[Short descriptive text snippets]
***
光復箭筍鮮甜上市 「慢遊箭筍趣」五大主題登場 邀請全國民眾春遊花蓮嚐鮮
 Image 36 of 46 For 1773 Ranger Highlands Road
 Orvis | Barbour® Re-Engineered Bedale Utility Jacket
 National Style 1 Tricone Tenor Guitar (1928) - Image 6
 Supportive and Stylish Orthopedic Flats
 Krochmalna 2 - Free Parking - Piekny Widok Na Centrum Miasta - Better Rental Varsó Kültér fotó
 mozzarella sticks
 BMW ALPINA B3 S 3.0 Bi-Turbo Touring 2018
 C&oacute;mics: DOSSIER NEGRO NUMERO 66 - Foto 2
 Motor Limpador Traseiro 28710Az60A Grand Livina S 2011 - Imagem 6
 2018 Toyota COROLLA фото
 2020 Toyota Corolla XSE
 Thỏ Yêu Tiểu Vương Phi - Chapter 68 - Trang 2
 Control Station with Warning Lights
***
→ **TASK REQUIREMENTS**
Your response should be the lines of the entries above that include the string "Toyota".

→ **TASK SOLUTION**
 2018 Toyota COROLLA фото
 2020 Toyota Corolla XSE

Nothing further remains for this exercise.